**TASK GOAL:**
Write the listing out once more, identical to the original but without pictures.

**SUPPLIED DATA:**

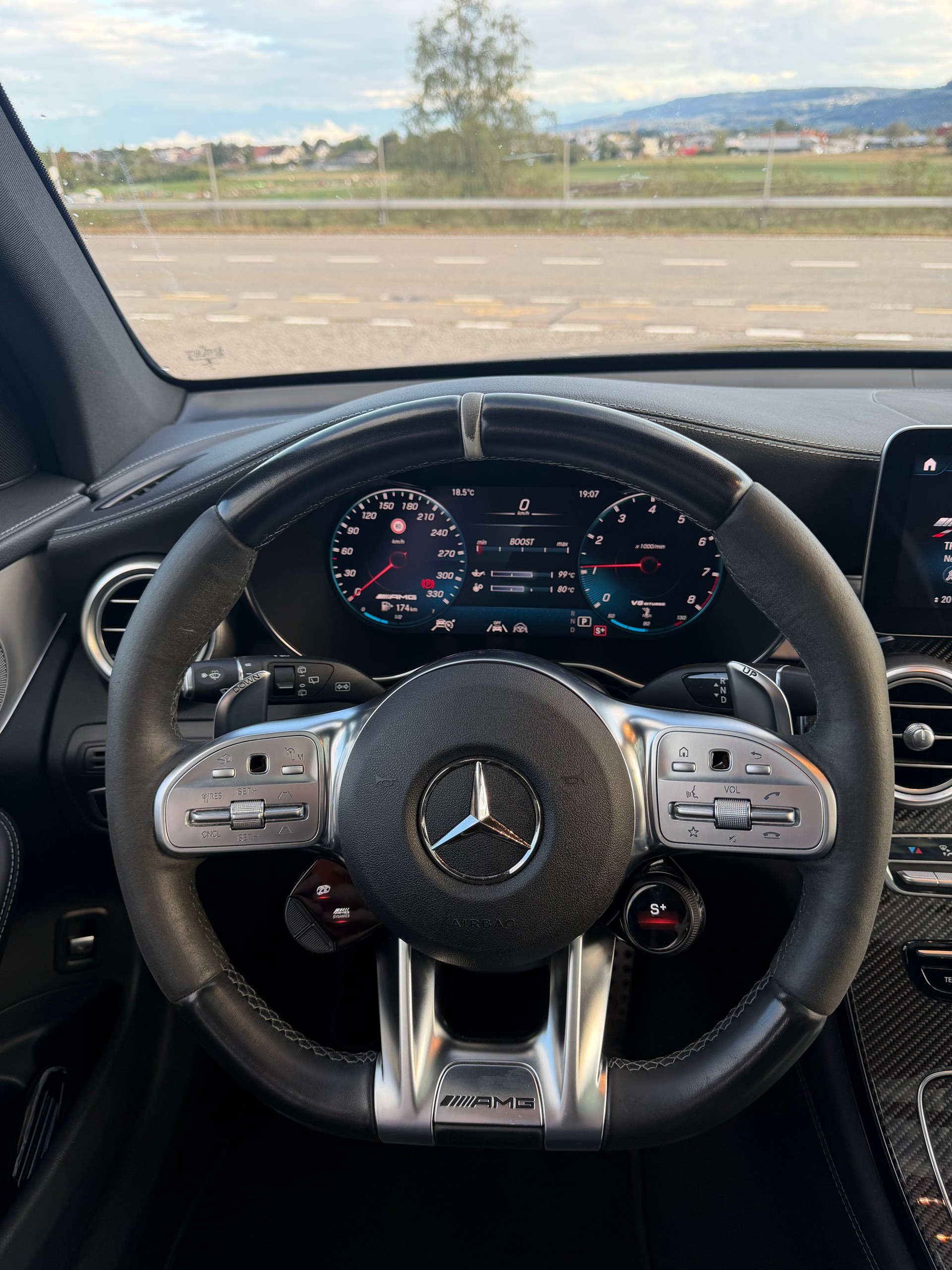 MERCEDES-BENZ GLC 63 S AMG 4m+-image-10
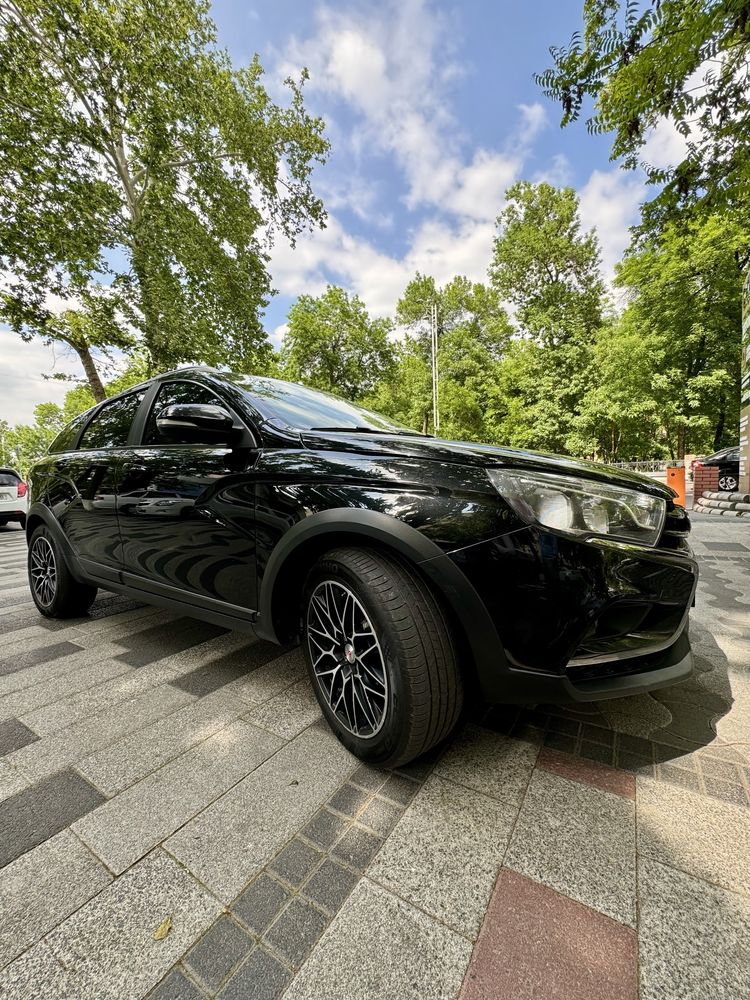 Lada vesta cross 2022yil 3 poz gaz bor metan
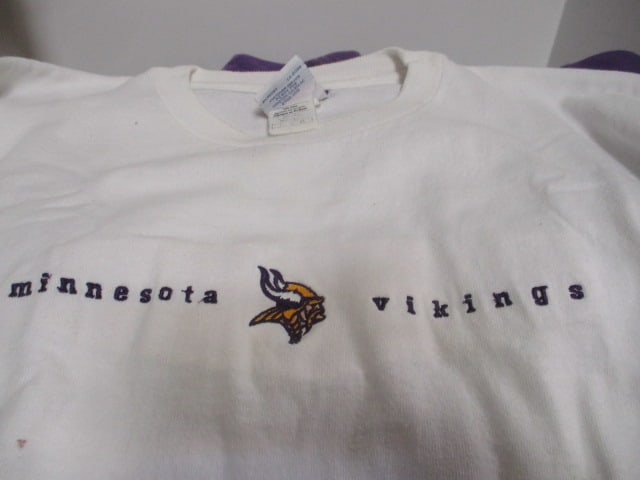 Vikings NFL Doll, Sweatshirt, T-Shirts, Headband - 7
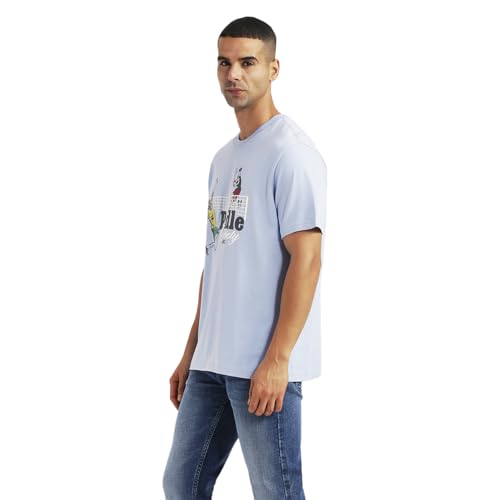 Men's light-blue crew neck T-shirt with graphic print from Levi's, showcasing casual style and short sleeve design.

**TASK RESPONSE:**
 MERCEDES-BENZ GLC 63 S AMG 4m+-image-10
 Lada vesta cross 2022yil 3 poz gaz bor metan
 Vikings NFL Doll, Sweatshirt, T-Shirts, Headband - 7
 Men's light-blue crew neck T-shirt with graphic print from Levi's, showcasing casual style and short sleeve design.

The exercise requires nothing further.